The electrical wiring interconnection system (EWIS) market size is valued at USD 3.10 billion in 2025 and is forecasted to reach USD 4.01 billion by 2030, registering a 5.28% CAGR during 2025-2030. Growth was underpinned by the aviation sector’s pivot to more-electric architectures, aircraft backlogs across commercial and defense programs, and stricter wiring-safety mandates issued in major jurisdictions. North American OEM hubs, Asia-Pacific production ramp-ups, and eVTOL industrialization broadened demand, while copper-price volatility and certification lags for composite conductors posed near-term cost headwinds.
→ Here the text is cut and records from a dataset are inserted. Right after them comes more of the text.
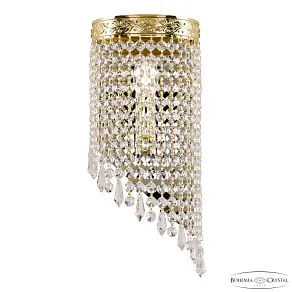 Бра Bohemia Ivele Crystal 8340 83401BR/15IV-33 G Drops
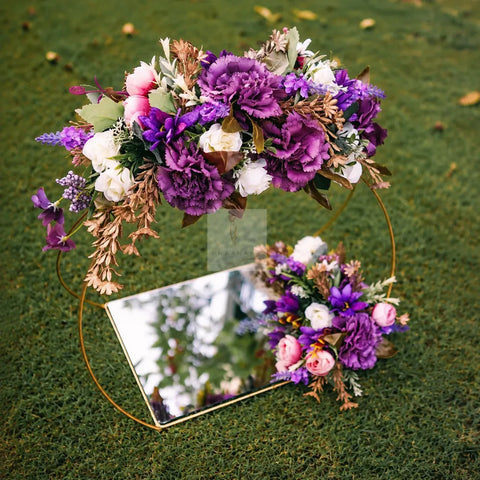 Velvety Gift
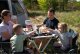 Easy Camp Zestaw Easy Camp Cerf Picnic Box L Uniwersalny 5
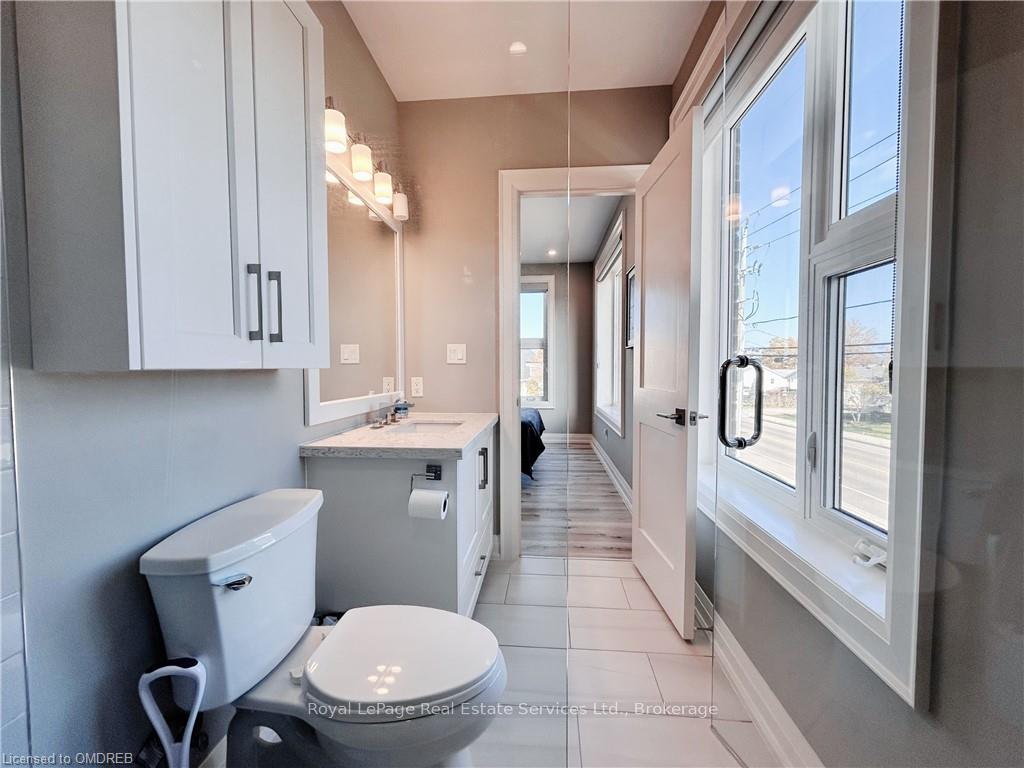 Photo 11 of Unit 210, 257 Millen Road, Hamilton, Stoney Creek — HOMEH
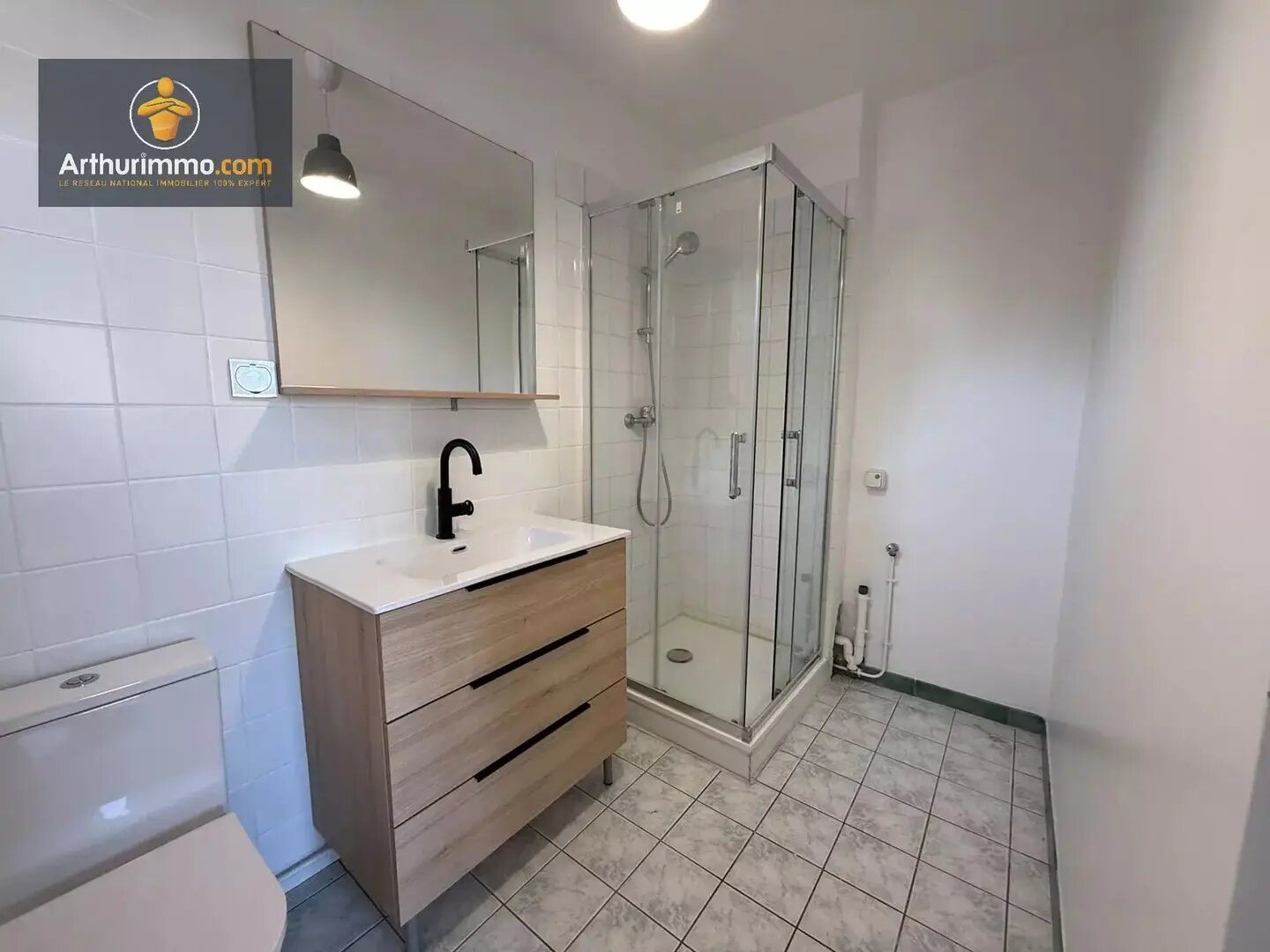 Appartement à louer, 37m², Montsoult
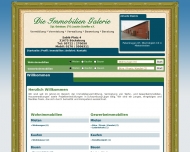 Bild Die Immobilien Galerie Inh. Joachim Scheffler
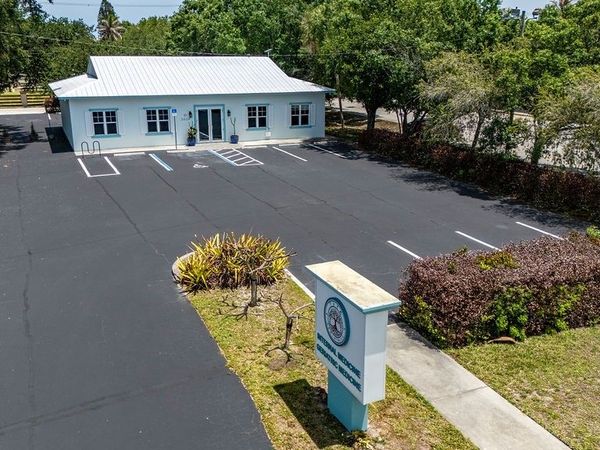 2624 S US Highway 1, Fort Pierce, FL 34982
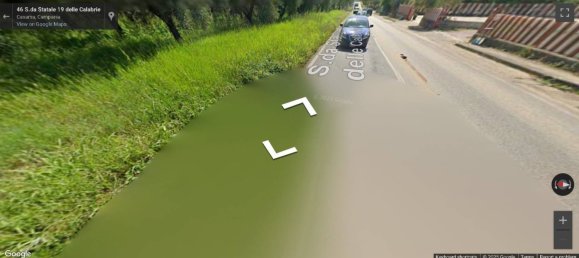 5 rooms Warehouse in Eboli, Italy No. 280601 2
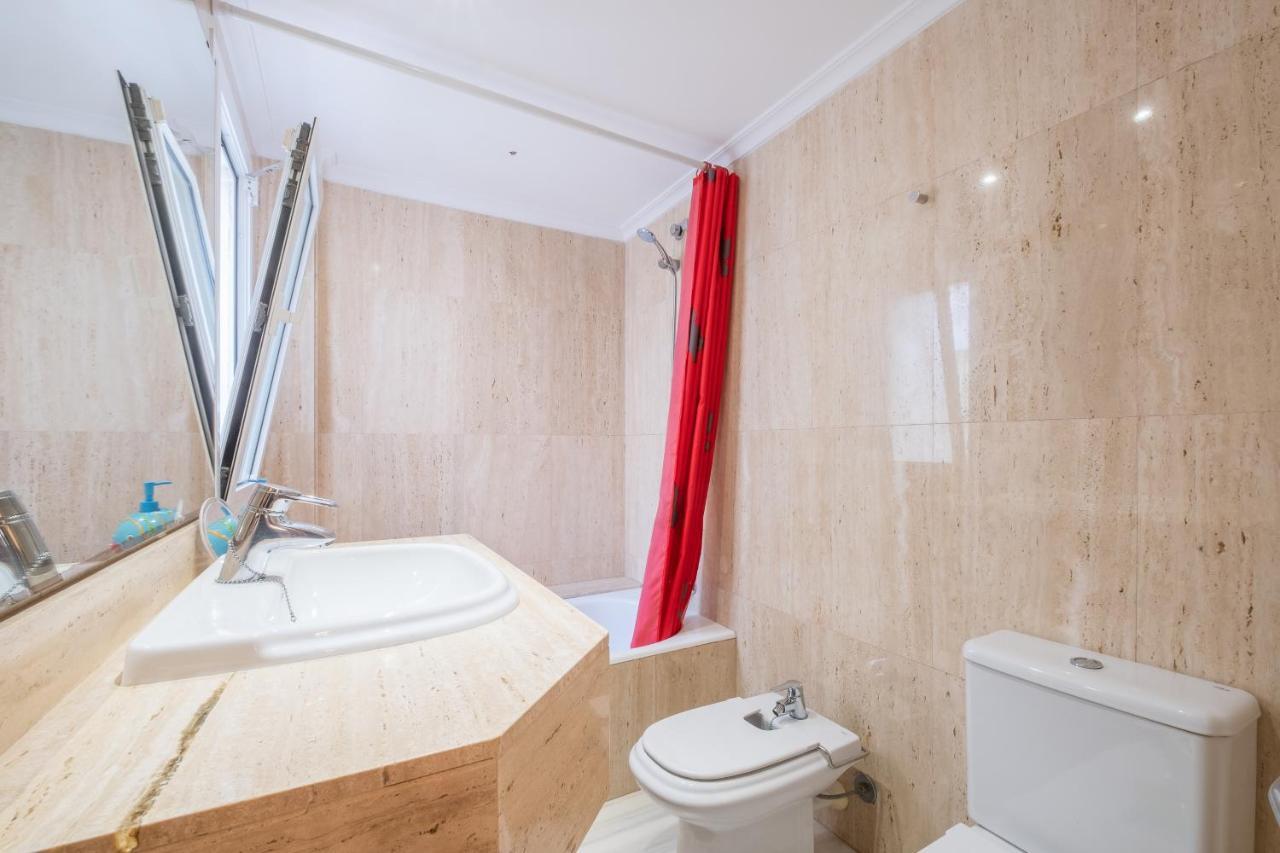 Apartment Ana Rosa By Sunvillas Mallorca Pollença Dış mekan fotoğraf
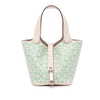 Hermès Micro Swift Lucky Daisy Picotin Lock 14 Secondhand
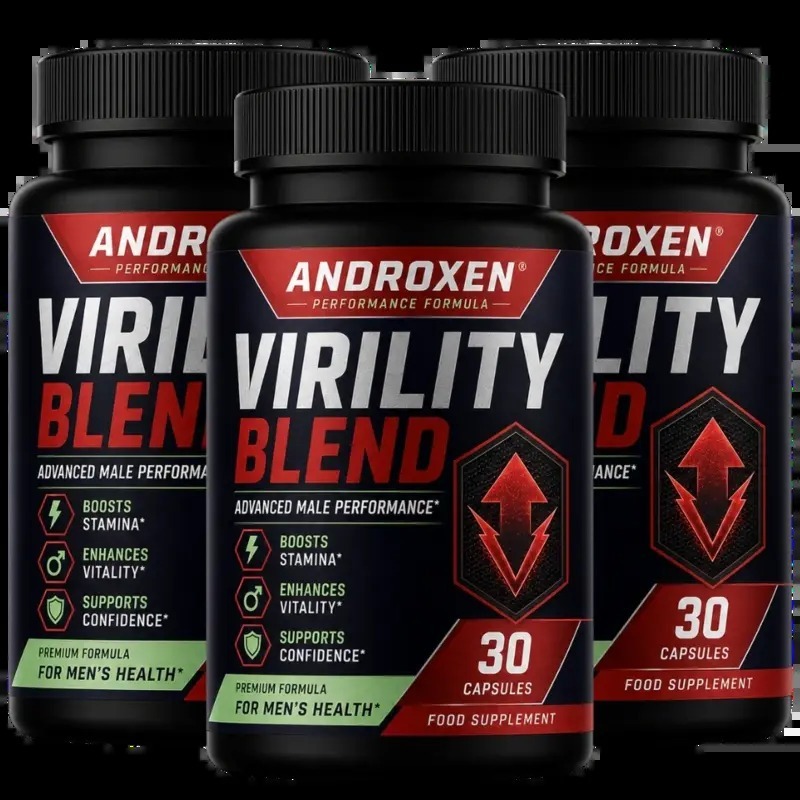 Androxen France Androxen France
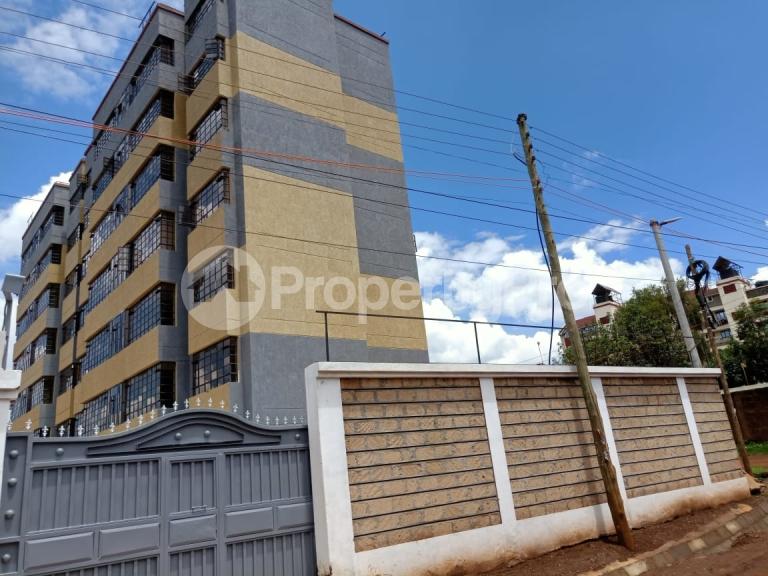 Flat&Apartment for sale Kikuyu Kiambu
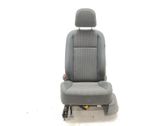 Asiento delantero del conductor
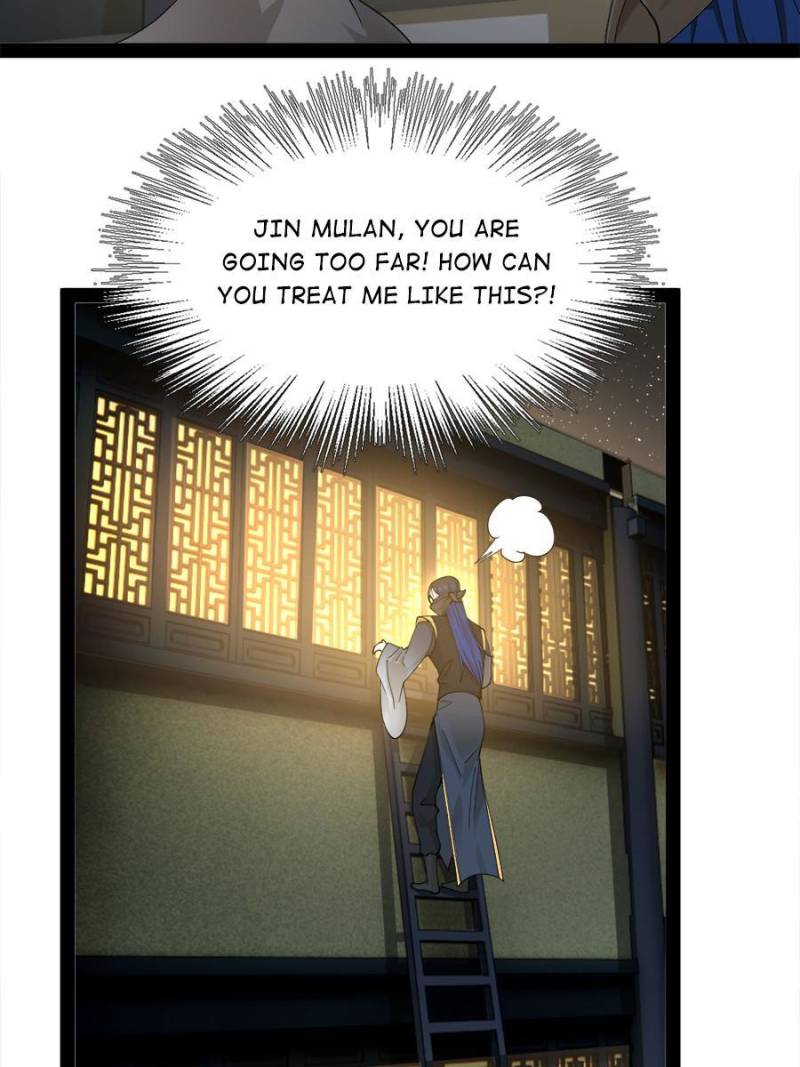 Ultimate Son-in-Law Chapter 77 - Page 29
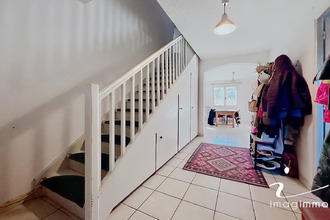 achat maison fabregues 34690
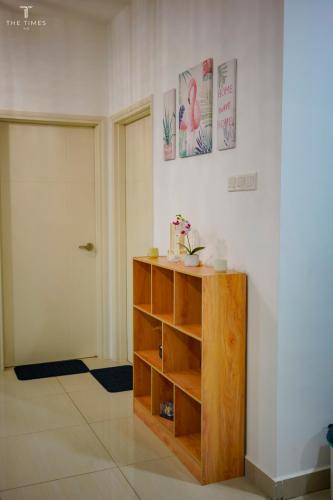 Arte Plus Luxury Suites with KLCC View - main image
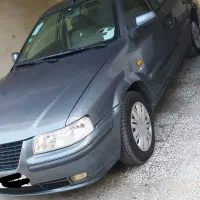 سمندef7|خودرو سواری و وانت|گرگان, |دیوار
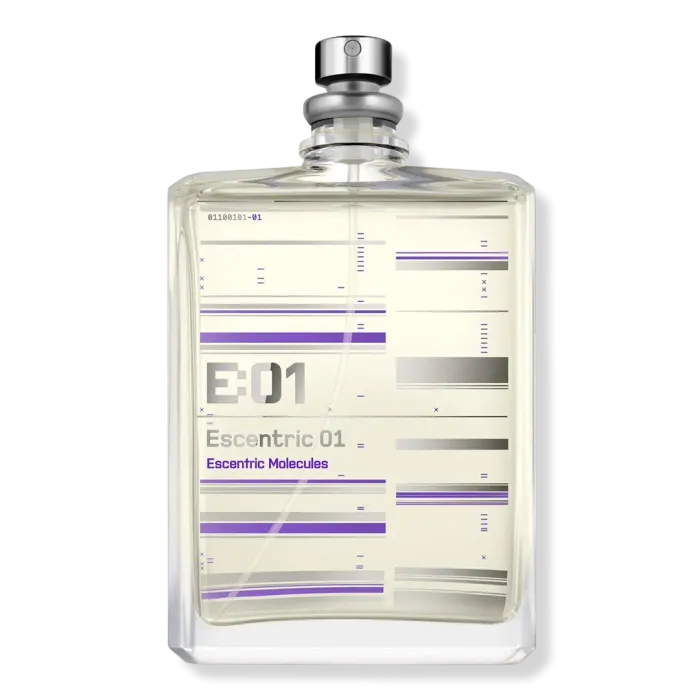 Escentric 01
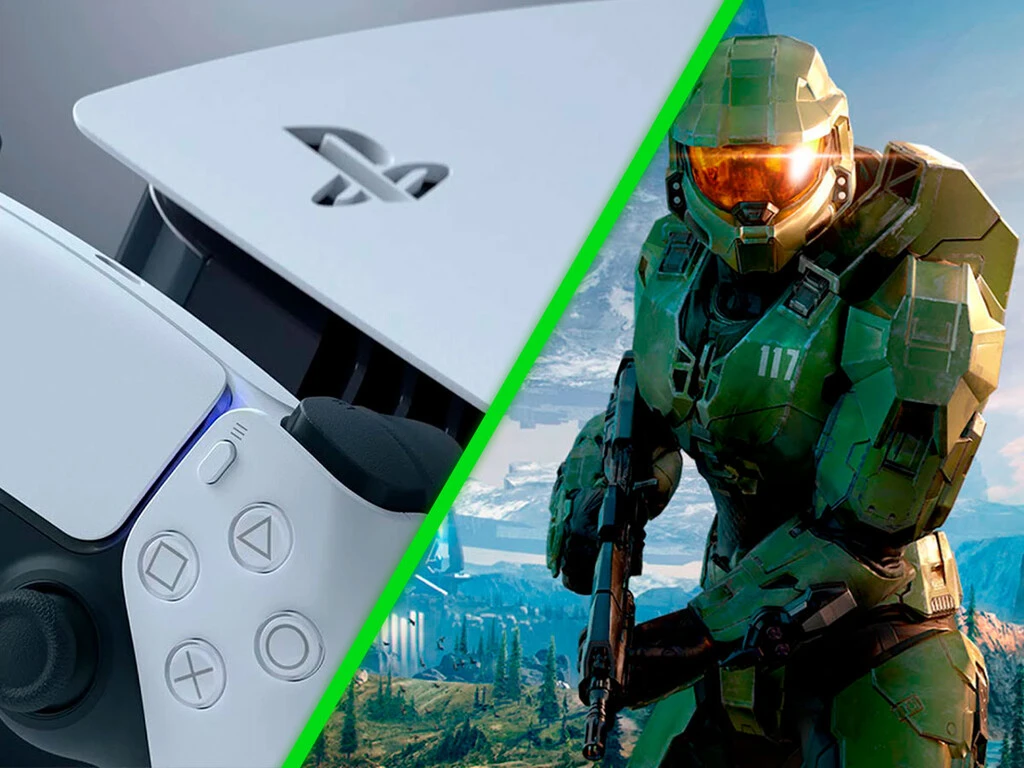 Halo en PlayStation 5: Microsoft planea otra remasterización del icónico exclusivo de Xbox, según reportes
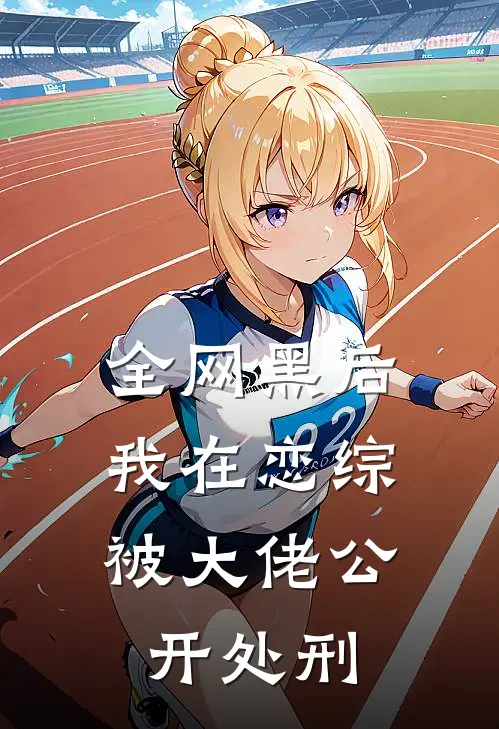 全网黑后，我在恋综被大佬公开处刑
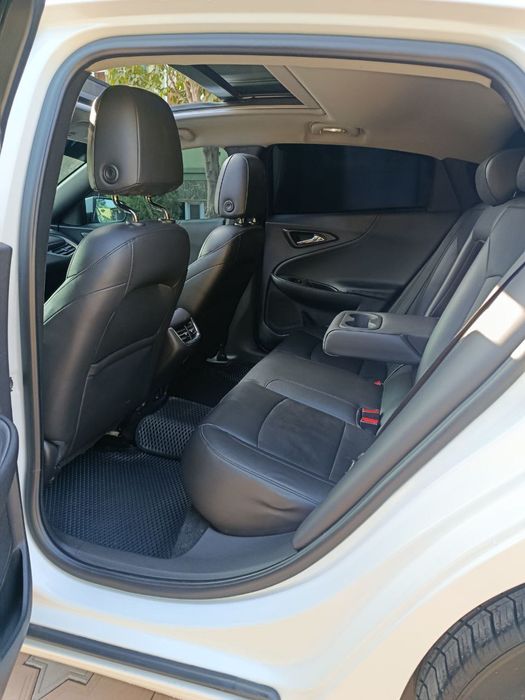 Malibu 2 PREMIER 2019! 2.4 Atmosferni Mator. Metan Gaz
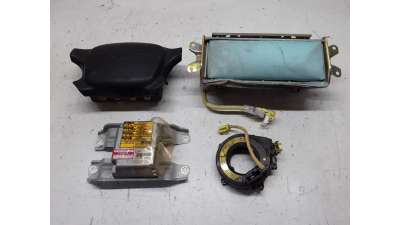 KIT AIRBAG TOYOTA CELICA 1.8 16V (116 CV) DE 1994 - D.2605653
Supply-chain localisation, additive-manufactured brackets, and modular harness kits helped curb lead-time risk and aircraft weight, supporting long-range competitiveness for the Electrical wiring interconnection system market.

Key Report Takeaways

  • By component, wires and cables led with a 37.53% revenue share in 2024; connectors and accessories recorded the fastest 5.65% CAGR to 2030.
  • By platform, fixed-wing aircraft held 65.50% of the EWIS market share in 2024, while urban air mobility (UAM) posted the highest 9.1% CAGR.
  • By application, airframe systems retained a 30.45% share of the EWIS market size in 2024, while cabin interiors and IFEC wiring achieved an 8.02% CAGR to 2030.
  • By end-user, OEMs accounted for 75.60% of the revenue in 2024; aftermarket/MRO demand rose at a 7.20% CAGR due to retrofit mandates under 14 CFR 26.11.
  • By geography, North America commanded a 38.65% share in 2024; the Asia-Pacific region posted the fastest 6.60% CAGR as COMAC and HAL expanded their local supply chains.

Segment Analysis

By Component: Mature Wire Dominance With Connector Acceleration

Wires and cables accounted for 37.53% of 2024 revenue, underscoring their role as the backbone of modern aircraft's power distribution, flight control, and data lines. Demand for these conductors rose steadily as more-electric platforms added higher-voltage secondary buses that required thicker gauges and improved insulation systems. Connectors and accessories nevertheless advanced at a 5.65% CAGR because OEM engineering teams standardised plug-and-play modules that cut assembly hours on the final line while boosting maintainability during heavy checks. The trend was reinforced by rising retrofit activity, where quick-disconnect connectors reduced downtime for cabin upgrades and line-replaceable-unit swaps. Overall, the mix highlighted complementary growth paths for core wire products and high-value interconnect hardware.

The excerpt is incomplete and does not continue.